Patrice and I have been living with our 8 children in Bernede since 1978, our ‘philosophy’ being to live as independently as possible: 5 cows (for cheese, butter and yoghurt), fruit and vegetables, and a mill (by the river). Making sculptures, buildings built the traditional way, animal-traction farming methods, home education, it was all hard work. But we were free and keen to learn these ways of doing things. Even the 40-or-so nappies (diapers) that I had to wash each day in the wash place was a holiday for me! Believe me, 8 children and all of us living 24/7 in one room, plus the home schooling, it was a bit tiring sometimes and certainly noisy - especially in winter!

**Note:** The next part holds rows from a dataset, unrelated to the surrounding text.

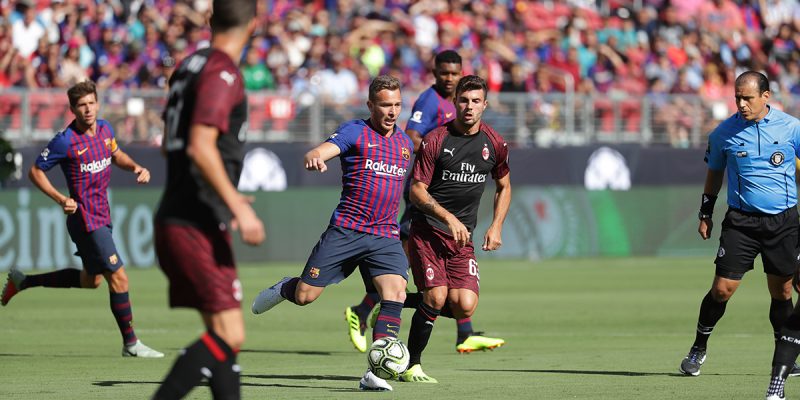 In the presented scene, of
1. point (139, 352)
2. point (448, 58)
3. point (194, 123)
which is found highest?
point (448, 58)

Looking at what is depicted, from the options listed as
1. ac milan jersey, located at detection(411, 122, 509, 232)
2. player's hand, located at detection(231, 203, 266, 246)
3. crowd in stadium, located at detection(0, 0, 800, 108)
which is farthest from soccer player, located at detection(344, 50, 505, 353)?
crowd in stadium, located at detection(0, 0, 800, 108)

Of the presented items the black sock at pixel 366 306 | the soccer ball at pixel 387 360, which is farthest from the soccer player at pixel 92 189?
the soccer ball at pixel 387 360

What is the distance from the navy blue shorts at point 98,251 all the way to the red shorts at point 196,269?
6.15 metres

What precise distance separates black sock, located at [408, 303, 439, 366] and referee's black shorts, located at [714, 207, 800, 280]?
230 cm

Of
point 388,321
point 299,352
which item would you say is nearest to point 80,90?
point 299,352

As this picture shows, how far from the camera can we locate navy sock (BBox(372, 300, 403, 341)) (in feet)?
31.9

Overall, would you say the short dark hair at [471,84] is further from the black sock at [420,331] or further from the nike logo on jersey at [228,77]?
the nike logo on jersey at [228,77]

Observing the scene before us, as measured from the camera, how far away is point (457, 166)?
34.0 ft

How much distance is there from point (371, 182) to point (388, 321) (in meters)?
1.12

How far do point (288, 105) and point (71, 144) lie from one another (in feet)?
37.6

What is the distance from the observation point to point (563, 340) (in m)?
13.6

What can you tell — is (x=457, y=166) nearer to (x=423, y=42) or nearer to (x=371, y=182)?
(x=371, y=182)

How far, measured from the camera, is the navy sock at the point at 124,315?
12.1 meters

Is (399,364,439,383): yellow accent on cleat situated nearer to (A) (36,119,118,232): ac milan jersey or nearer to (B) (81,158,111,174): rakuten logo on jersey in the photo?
(A) (36,119,118,232): ac milan jersey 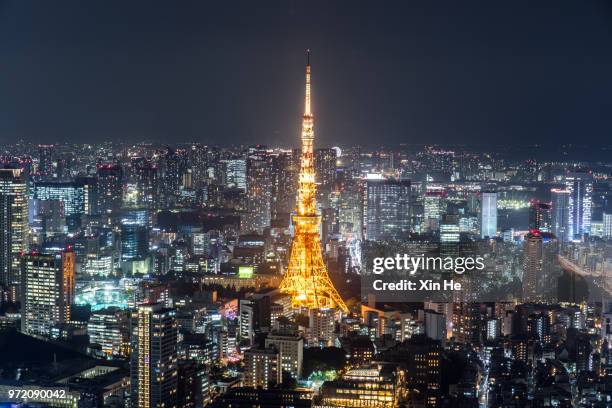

So I would find myself at the wash place, on my own for 2 hours every day, my hands in warm water, lost in my thoughts and my feelings, surrounded by the most beautiful scenery that changed with the seasons. One of my greatest pleasures was to go and visit Henriette at Balmayné, a small village across the valley. Henriette was born in our house at Figuets in 1913 you see. With a baby on my back, the bigger ones at my feet, we would go once a month to see her and to listen to her stories of how things were here. She died aged 101 but she grew her own potatoes until she was 96. I remember that she would walk down to the market at Massat every Thursday with her friends Adele, Jeanne and Maria; 7 kilometers there and 7 back up the mountain, come rain or shine, summer or winter. Before the conversion to the euro (in 2001), the Credit Agricole (bank) closed in the Massat square, bringing to an end the get-togethers of the local old-timers. That was really sad. A whole culture that slowly disappeared. Now it’s us who are the old-timers.
Our children all left young to discover the world. Canada, Amazonia, Ireland, Tunisia, Peru, Reunion Island. Then they all came back to settle in the Ariege to do interesting jobs. I’ve 19 grand children now. That’s really nice. But the old timers have all died now. Gone is the self-sufficiency, there is not too much creative stuff being done, and everybody follows the herd (owning a car or mobile telephone, going to school, wanting the internet etc). It breaks my heart but that’s how it is in Europe now!
I don’t believe that the super-market or the inter-net are all that – well - super. I would rather spend my time visiting the last remaining ethnic tribes. They are poor in money but rich in spirit …… As for all those things we want through the media, happiness is not conditional you know, nor is love. I want to live in a world where we are all brothers and sisters. I really believe this. It’s just a matter of time, that’s all.